Each line in the entries that has the word "House" has to be copied.

Data records.
------

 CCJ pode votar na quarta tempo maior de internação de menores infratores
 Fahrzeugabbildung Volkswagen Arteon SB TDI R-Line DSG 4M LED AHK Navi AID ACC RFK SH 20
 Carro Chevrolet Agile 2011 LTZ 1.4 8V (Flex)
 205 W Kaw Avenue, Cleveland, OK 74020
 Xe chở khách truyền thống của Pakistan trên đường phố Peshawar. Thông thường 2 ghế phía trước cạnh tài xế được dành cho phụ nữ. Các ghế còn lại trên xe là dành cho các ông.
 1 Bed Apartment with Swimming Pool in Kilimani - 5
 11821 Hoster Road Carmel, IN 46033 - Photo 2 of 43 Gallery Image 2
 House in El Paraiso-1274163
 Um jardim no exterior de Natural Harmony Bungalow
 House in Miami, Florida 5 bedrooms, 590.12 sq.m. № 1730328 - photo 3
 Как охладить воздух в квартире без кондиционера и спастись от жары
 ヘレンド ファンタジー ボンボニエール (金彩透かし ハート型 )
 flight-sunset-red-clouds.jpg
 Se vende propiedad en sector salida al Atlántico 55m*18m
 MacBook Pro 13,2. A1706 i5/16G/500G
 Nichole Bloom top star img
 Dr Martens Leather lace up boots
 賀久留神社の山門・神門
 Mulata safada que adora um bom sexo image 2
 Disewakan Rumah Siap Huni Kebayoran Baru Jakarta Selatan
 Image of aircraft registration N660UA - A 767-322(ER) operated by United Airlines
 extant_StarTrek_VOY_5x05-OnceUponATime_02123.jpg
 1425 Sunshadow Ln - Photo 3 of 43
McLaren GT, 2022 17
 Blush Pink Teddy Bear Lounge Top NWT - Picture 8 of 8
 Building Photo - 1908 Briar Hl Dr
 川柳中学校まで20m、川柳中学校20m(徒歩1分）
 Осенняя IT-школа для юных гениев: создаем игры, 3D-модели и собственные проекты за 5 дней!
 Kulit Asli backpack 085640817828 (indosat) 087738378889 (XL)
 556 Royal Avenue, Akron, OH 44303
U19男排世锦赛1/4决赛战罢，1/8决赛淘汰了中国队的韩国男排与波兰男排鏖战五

------

Result of this task.
 House in El Paraiso-1274163
 House in Miami, Florida 5 bedrooms, 590.12 sq.m. № 1730328 - photo 3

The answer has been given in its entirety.